Much like strawberry blonde hair or a dimpled chin, some people are just born with it.
I’m talking self esteem here.
Maybe you are one of the lucky ones who came out of the womb with Supergirl confidence. I hope so. I had to earn mine through bad hair choices, missed opportunities, and crappy boyfriends. Many women and people in general have gone through this same passage. Sadly, many do not make it to the other side, forever bound to ab-rolling and chemical peels.
I think I am almost there.
It’s a foreign and relaxing feeling to feel comfortable in one’s own skin, still care about humanity, but not care what others say or think.

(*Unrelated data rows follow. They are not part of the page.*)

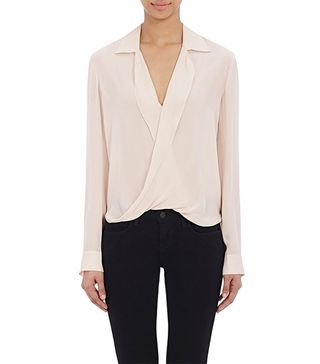 L'Agence + Rita Wrap Blouse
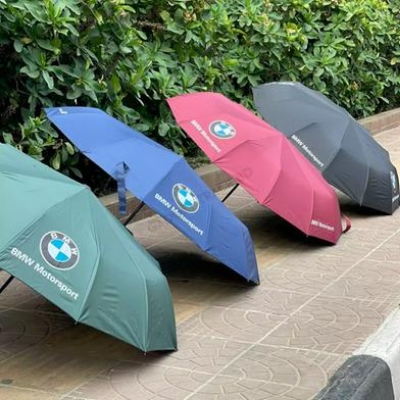 Picture of BMW Big Size Folding Umbrella with Auto Open Switch and 8 Sticks Multicolor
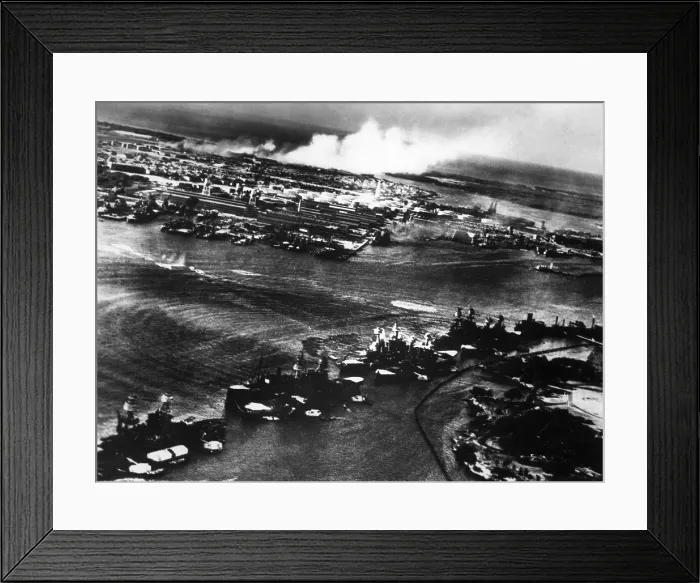 Framed Print : The Japanese attack on Pearl Harbor, as seen from the view of the Japanese, December 7, 1941. Courtesy: CSU Archives / Everett Collection Framed Print : The Japanese attack on Pearl Harbor, as seen from the view of the Japanese, December 7, 1941. Courtesy: CSU Archives / Everett Collection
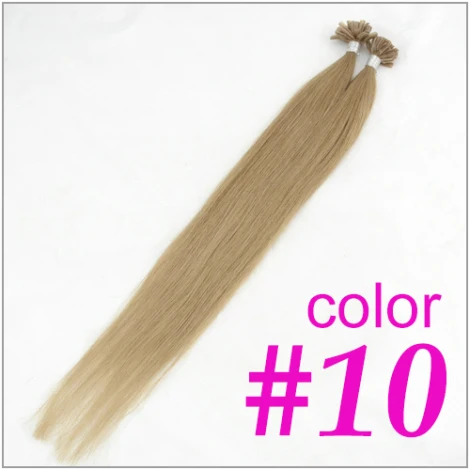 Rechoo, 1 г/прядь, u-образные накладные волосы, Предварительно Связанные, Кератиновый клей, Remy, натуральные человеческие волосы для наращивания, 100 прядей, настоящие человеческие волосы - Цвет: #10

Here’s a re-cap of my journey:
Elementary Years: Very outgoing yet embarrassed to “show off.” Back then boisterousness was a sin. Right up there with stealing and looking a nun in the eye. Did I mention I attended Parochial school for twelve years?
Junior High: Awkwardness, braces, and negative breast size only added to the above. Even if I did have boobs and was super confident, it wouldn’t matter. All the nuns were running a DEFCON Level 3 operation because of everyone’s hormones.

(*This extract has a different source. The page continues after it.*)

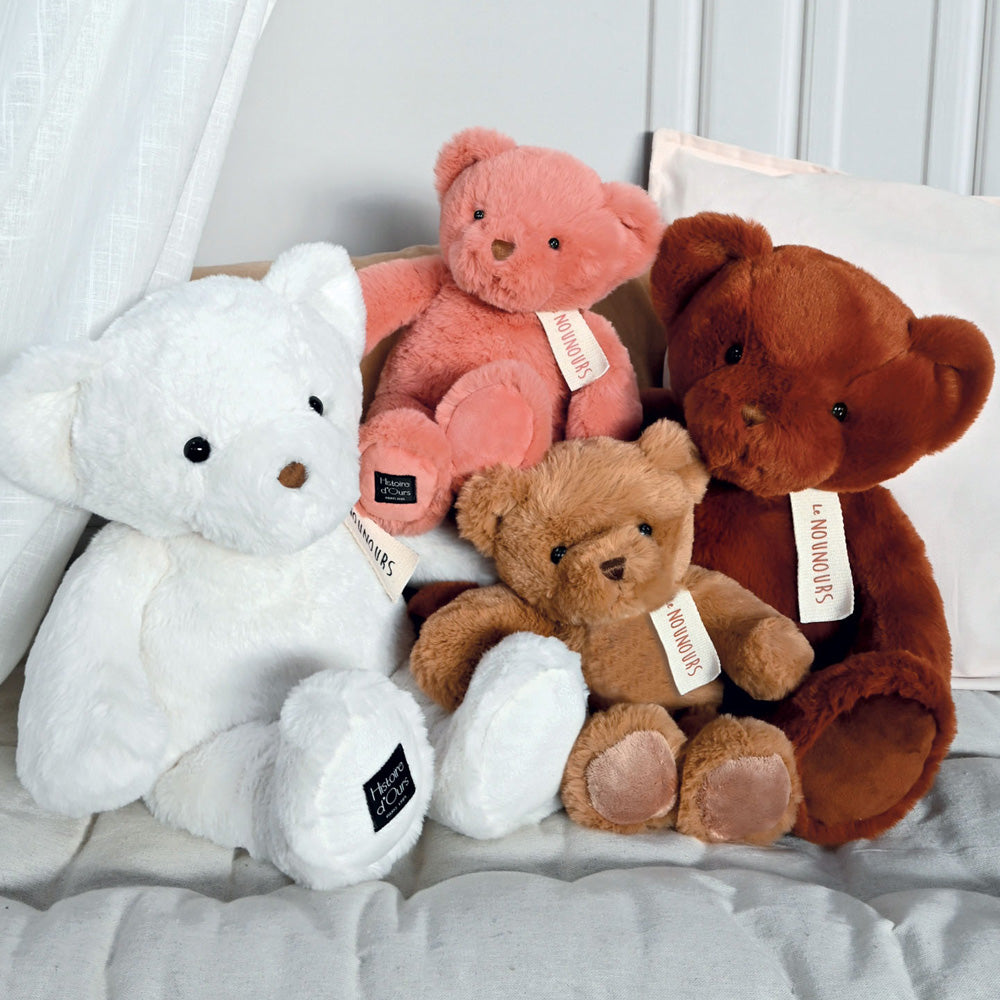 Nounours blanc 75 cm HISTOIRE D'OURS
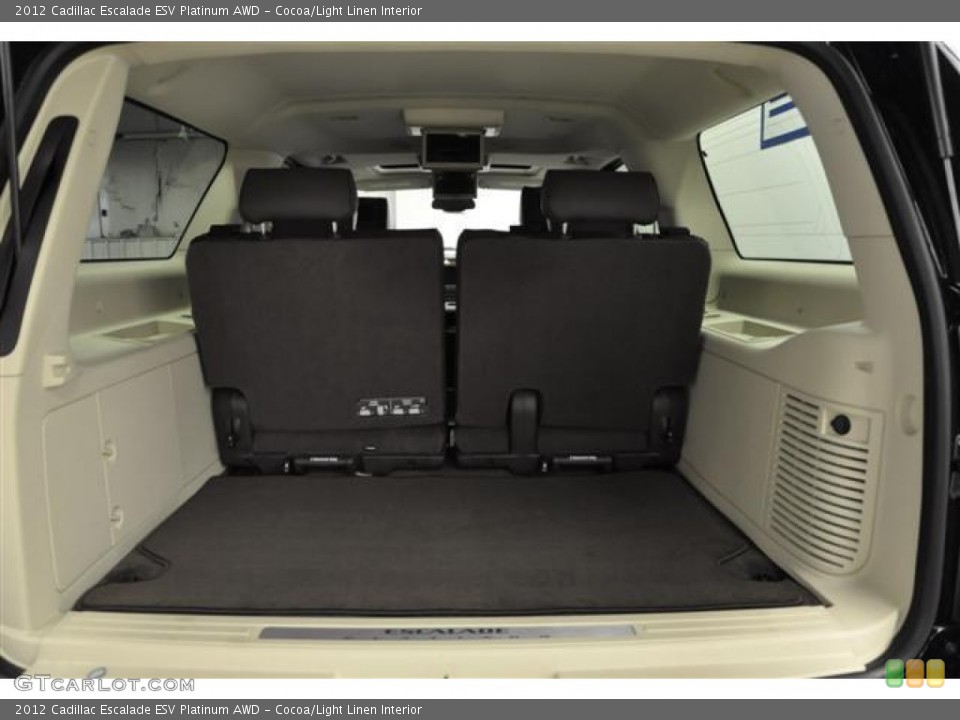 Cocoa/Light Linen Interior Trunk for the 2012 Cadillac Escalade ESV Platinum AWD #60775028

High School: The motherload of insecurity. Think about it: waiting to get asked to Homecoming; waiting to get your license so your mom doesn’t have to drive you to Snuffer’s; waiting to be free from wearing plaid uniforms; and waiting to get out of Geometry so you can see that boy in the hallway… then dutifully ignore him and feign interest in the Don’t Do Drugs poster. I’m guessing this is what Purgatory feels like.

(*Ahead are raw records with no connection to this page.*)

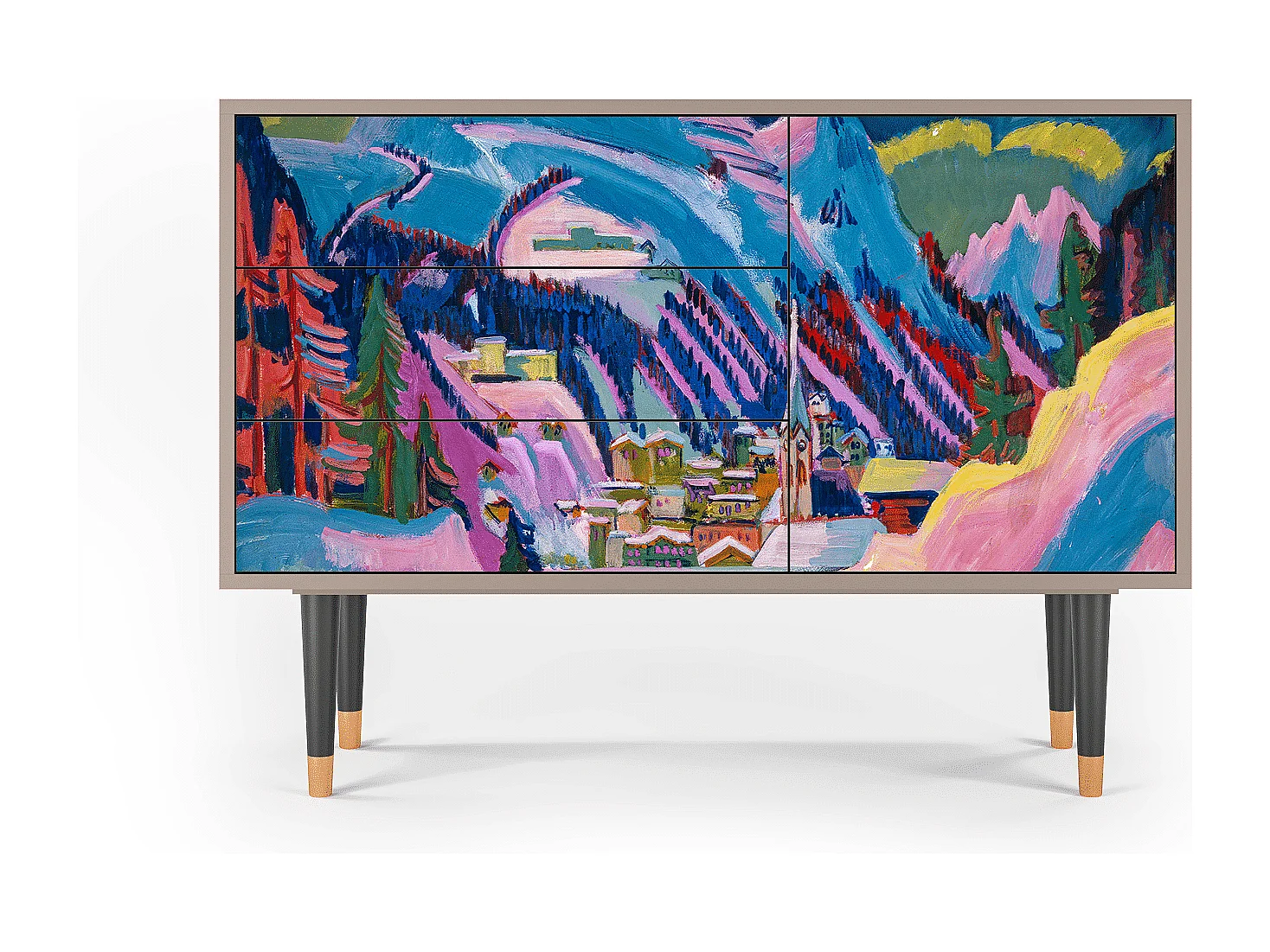 Credenza - 115х84х41 cm - S3 - Davos Winter, Latte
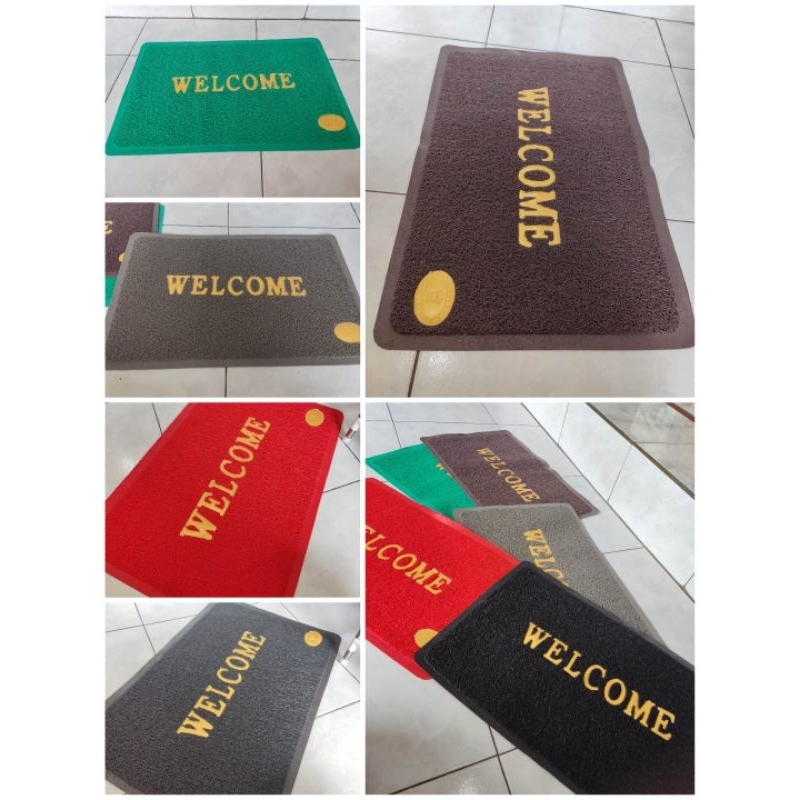 Keset welcome I lantai I keset kaki model bihun warna warni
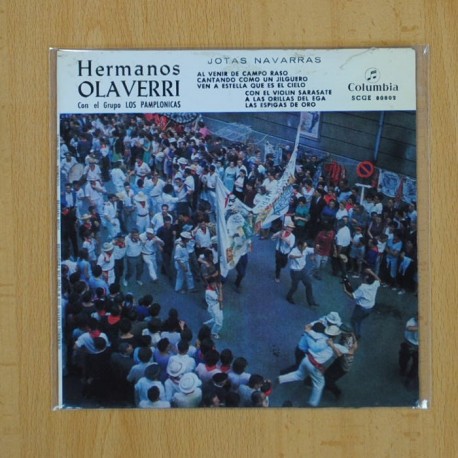 HERMANOS OLAVERRI - AL VENIR DE CAMPO RASO + 5 - EP [DISCO DE VINILO]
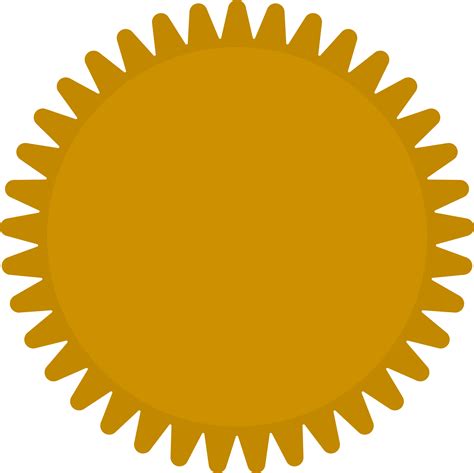 41 Gold Seal Vector Png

College: Ah yes – the bubble. No actual reality takes place during these four years. The confidence level is better here, but college is still a lot like High School. Just with more alcohol and better parties.
Twenties: First real job and being on my own – 1 Self-Esteem Point. Too many movies about some chick looking, looking, and looking some more for the Mr. Right; then becoming depressed because she only dated buffoons; only to feel good about herself when she found “the one.” – Minus 6 Self-Esteem Points. I remember thinking, “Is this how it’s supposed to go down? Man, I’m not even close.” Then I would pop in Caddyshack and feel much better. I fault the media and Sex in the City for this time period.
Thirties: Much better. All neurosis about myself were transferred to my child. Worries about my acne were replaced with worries about my daughter choking on a teething cookie.
Forties (forty): F*ck it. I’m tired and it is way too exhausting to worry about anything other than what I am going to make for dinner.
I’m pretty sure by the time I reach seventy I will be driving around town flipping people off just because I have lived that long. And let’s face it, angry old people are funny.
So it took some time to get here. While I do feel as though I act like an idiot most of the time, I really don’t dwell on it. I just shrug my shoulders and say “Oh well,” as I gracefully remove the food from between my teeth. I will probably never be queen secure, but I don’t trust the overly confident. They are hiding something.
I hope others don’t have to take such a long journey as I did, but there is a sense of accomplishment of having gone through the above milestones to finally feel good in my own skin and to not give a damn what others say.
Unless someone tells me I look fat in my skinny jeans, then I will key their car.